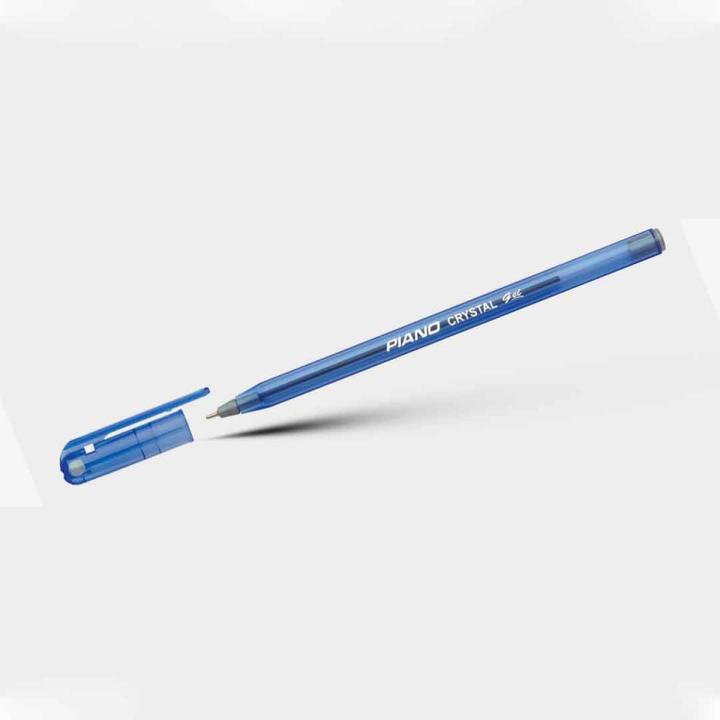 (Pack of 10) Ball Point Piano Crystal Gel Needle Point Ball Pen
* * *
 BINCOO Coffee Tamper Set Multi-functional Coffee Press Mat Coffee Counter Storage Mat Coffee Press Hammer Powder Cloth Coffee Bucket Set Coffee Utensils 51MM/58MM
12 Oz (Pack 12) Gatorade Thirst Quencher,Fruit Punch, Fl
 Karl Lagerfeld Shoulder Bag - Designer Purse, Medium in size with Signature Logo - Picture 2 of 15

**WHAT YOU NEED TO DO:** In the entries above, one line contains "BINCOO Coffee Tamper" and another contains "Karl Lagerfeld Shoulder". Reproduce exactly those two lines and the lines between them, nothing else.

**EXERCISE RESPONSE:**
 BINCOO Coffee Tamper Set Multi-functional Coffee Press Mat Coffee Counter Storage Mat Coffee Press Hammer Powder Cloth Coffee Bucket Set Coffee Utensils 51MM/58MM
12 Oz (Pack 12) Gatorade Thirst Quencher,Fruit Punch, Fl
 Karl Lagerfeld Shoulder Bag - Designer Purse, Medium in size with Signature Logo - Picture 2 of 15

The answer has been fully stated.